For a sporting body, the chance to play a card like Patrick Cummins is rare indeed. He has every attribute to be a success with media outlets and the sporting public: tall, good looking, sufficiently young without being too young, intelligent, well spoken, a winning smile, a hint of political progressivism without – you know – talking about it too much, a seriously good highlight reel, a winning CV, and a place in all formats that is never open to question. Unless some unlikely transgression is dug up from his past, he is the ultimate cleanskin at a time when Cricket Australia desperately needs one.
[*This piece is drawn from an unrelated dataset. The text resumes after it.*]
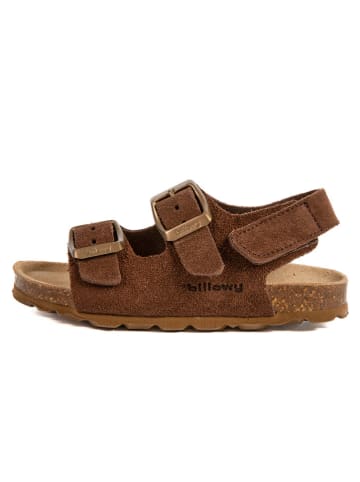 billowy Leder-Sandalen in Hellbraun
All of which means that he will surely be installed as Australia’s next Test captain once his obligatory milkshake duck check is complete. After the sandpaper farrago in 2018, some of the cricket world did manage to dredge up enough goodwill to see whether the Australian men’s players and the governance body responsible for them could remake their culture into a kinder, gentler polity. The public relations version of that image was maintained via new captain Tim Paine while he and CA put their preaching of “elite honesty” into practice by covering up an investigation into his off-field behaviour. Three years later, and a tearful resignation press conference ended Paine’s tenure just as one had begun it.

Once again, a captaincy shuffle will be the tactic to convince observers that a bold new era has begun, one completely distinct from the past despite sharing every other attribute. To make that sell, those running CA need an exceptional candidate rather than just the next in line. They have one in Cummins, who can make followers of the sport feel lightheaded by nothing more than a looping GIF of him bowling Joe Root at Old Trafford. Aside from all of the attributes above, he also offers the novelty of seeing a fast bowler lead Australia. Novelty combined with integrity could be a powerful public analgesic.

Fast bowlers don’t get to captain Australia. Ray Lindwall did it once, filling in. That’s the list. The generally accepted reason is that fast bowling is intensely hard physical work, therefore those poor souls need to gasp for breath between their overs, or to switch off for an hour at fine leg recovering from a long spell, without having to stay focused on the tactics and progression of the match. No doubt it’s easier to marshal the field as a specialist batter standing at slip all day. But that probably underestimates fast bowlers who, even when they are not bowling, have more at stake than anyone in how the opposition is progressing.

Fast bowlers also tend to get injured, or at least need breaks, more than players who bat or keep wicket or even bowl spin. But Cummins after his youthful injury years has become Australia’s most durable. Aside from skipping a two-Test jaunt to Dubai to play Pakistan in late 2018, he has played all of the team’s other 33 Tests since his comeback. That includes two five-Test Ashes series and another six-Test home summer. As for his quality with the ball, he is the one player who Australia will mot want to rotate out if they can avoid it.

In any case, a captain who misses a match here and there, or even has to miss a series, is nothing new in cricket. It is more generally accepted in other countries, where the process around captaincy involves less formality and reverence. Sometimes, it just needs somebody to do the job.

In any case, there isn’t exactly a suite of alternatives. If administrators are too spooked by the idea of picking a bowler, they could turn back to the former captain before the former captain, Steve Smith. He is still there, still twitching, still willing to take up the task again. But in the middle of another public relations disaster based around CA’s chronic unwillingness and inability to demand integrity or hold anyone accountable, restoring a formerly disgraced captain would only exacerbate and underline the problem.

For an organisation more interested in brand management than in what the entity behind the brand actually stands for, this will not do. They need a pick that communicates a vista towards the future, a(nother) fresh start, a(nother) pledge to do things differently. Whether that is actually true is not important, only whether it looks true. The one consolation for those who love Australia cricket is that in this case, the option which looks best also happens to be the option that is best. One is left to hope that Cummins brings some substance to add to CA’s desired style.